We have all been there: facing a disappointing, stressful, or just plain tough period in our lives. Whether you are amid a drawn-out job search, juggling competing personal and professional responsibilities, or just figuring out how to deal with the often anxiety-provoking news headlines of the day, things are challenging right now, and it can be a struggle to cope.
When the going gets tough, how do you react? Do you get angry about the situation where you find yourself? Blame yourself? Wallow in the day-to-day struggles? Although these reactions are natural in the moment, ruminating on negative thoughts can prevent us from building strong coping skills and recovering more quickly from setbacks. Upon hearing the word "resilient” your mind might automatically go to someone who is strong and has had to overcome a lot. However, resilience is like a muscle—the more we train our brains to practice resilience, the better we get and the easier it becomes to cope with challenging situations. But what can we do to develop that resilient mindset in our daily lives?
Try a few of these strategies:
Assess and Reframe Negative Thoughts
Resilient people have negative thoughts, just like anyone, but they don’t let them derail their efforts. Instead of focusing on negativity, they practice positive thinking. You don’t have to be Pollyanna about things, but next time you have a pesky, reoccurring thought come through your brain, ask yourself “Is this helpful, or is this harmful?” If the thought is helpful and assists you in continuing to move forward—great! Take action and keep making progress! If it is harmful, try to reframe those thoughts to maintain perspective about the situation.
Choose your Response
This goes hand-in-hand with the previous strategy. We can't control other people, or many situations we find ourselves in, but we can control our own reactions to that situation. For instance, if you receive a rejection letter for a job you thought was perfect for you, you can get mad at the company for not “realizing your genius,” or you can think “maybe it just wasn’t the right fit for me—I am sure something better is ahead”.
Prioritize Relationships
Connecting with people you care about helps you remember that you aren’t alone when facing difficulties. Don’t be afraid to reach out to someone who cares about you, like a friend, family member, or mentor, who can give you the support you need at that time. If you don’t feel like you have connections who can support you, you may want to look into community organizations such as a civic group or faith-based community to engage in social support. Finding a safe space to offer some support can help you regain your sense of purpose.

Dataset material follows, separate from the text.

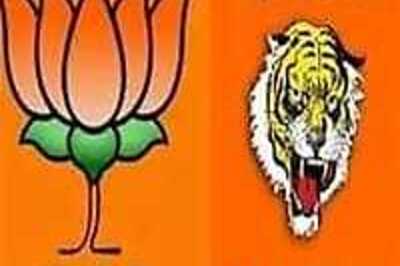 Talks between Shiv Sena and BJP 'stuck' over deputy chief minister's post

Set, and Make Progress on, Goals
In Atomic Habits, James Clear talks about a proven framework for building a habit—doing the smallest possible piece of any given activity. That might be doing one push-up, writing one sentence, or spending 5 minutes outside in nature—whatever the smallest subset of your ideal goal can be. The idea behind this is that by setting an achievable goal—the atomic habit—you're likelier to do the action and achieve your larger goals as well. This can be applied outside of habits too. For instance, if your goal is to identify a more fulfilling job, one action you might take is activating your Handshake account.
Reach out for Support
In challenging situations, it can be hard to figure out where to go next or even how to get started. We are here to help! Contact Career & Professional Development to help develop a strategy that will propel you past any potential obstacles in no time.
Developing your social and emotional learning skills is a lifelong process. As we deal with challenging situations, we can choose our reaction—do we choose to dwell on the negativity or try to find positive things in our lives? Practicing the above strategies when a negative thought arises helps us learn to deal with those thoughts in a more healthy—resilient—way.